Sullivan calls our attention to

Sullivan calls our attention to this tasty bit of moral corruption from Methodist theologian Stanley Hauerwas:

“On Sept. 11, Americans were confronted by people ready to die as an expression of their profound moral commitments. Their willingness to die stands in stark contrast to a politics that asks of its members in response to Sept. 11 to shop.”

Uh--Stanley? I think the point is that we were confronted by people who were ready to kill 3,000 men, women and children as an expression of their "profound moral commitments." I don't know about you, Stan, but from where I stood on September 11--which was in an all-encompassing cloud of choking skyscraper dust--their willingness to die wasn't nearly as important as their willingness to try and kill me.

Article author Patrick O’Neill writes that Stanley is "not afraid to humanize those who flew jets into buildings on Sept. 11." How brave, Stan!

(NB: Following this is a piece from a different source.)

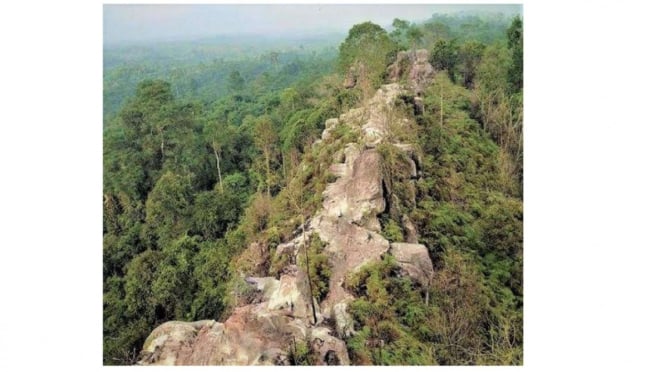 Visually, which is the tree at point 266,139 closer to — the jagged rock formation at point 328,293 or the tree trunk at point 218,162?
the tree trunk at point 218,162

Do go on.

And he does: “A people who have been bred to shop then can quickly become some of the most violent people in the world,” Stan says, “exactly because they’re dying to have something worth dying for.” Oh, wait--I must have missed the 19 shopping-crazed Americans who took out the twin Petronas towers in Malaysia to give their lives meaning. Did I miss that, Stan? Show me, you feisty thinker, you! I also seem to have missed the government-run genetic engineering program that is responsible for the irresistible urge every American feels at all times to buy things.

So this is what a doctorate from Yale gets you. And this, apparently, is what being "holy" means: to be so far removed from anything real or moral that your every utterance is laden with deep respect for murderous fanatics and contempt for the dead of September 11. After all, they were only following their genetic imperative to acquire wealth so that they could continue shopping, like the good little consumer animals that they were.